═══ Dataset content ═══
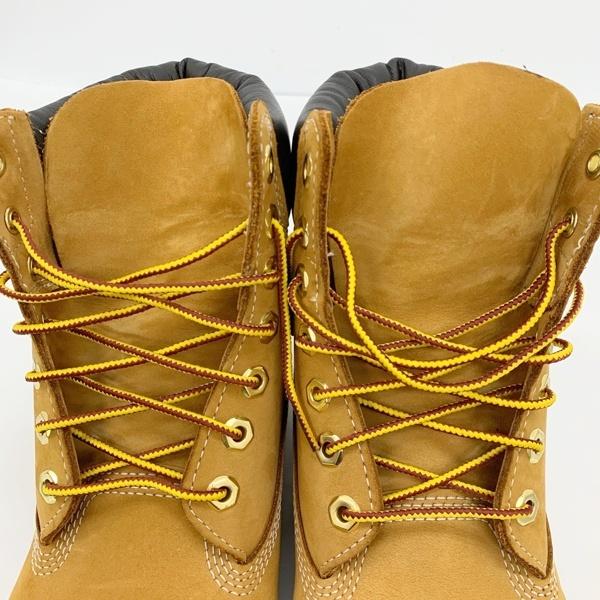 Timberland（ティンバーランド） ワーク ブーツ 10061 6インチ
═══
═══ Dataset content ═══
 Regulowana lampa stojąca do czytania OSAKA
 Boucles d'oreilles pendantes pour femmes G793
═══
═══ Dataset content ═══
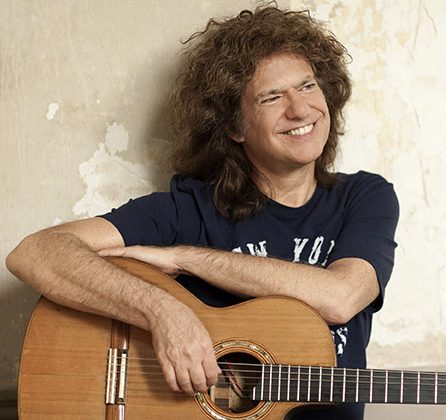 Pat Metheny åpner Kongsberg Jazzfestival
═══
* [Exercise directions]: Once you find the line with "Regulowana lampa stojąca do czytania OSAKA" in the entries above, output it and each line after it up to and including the line with "Boucles d'oreilles pendantes", and nothing else.

* [Response box]:
 Regulowana lampa stojąca do czytania OSAKA
 Boucles d'oreilles pendantes pour femmes G793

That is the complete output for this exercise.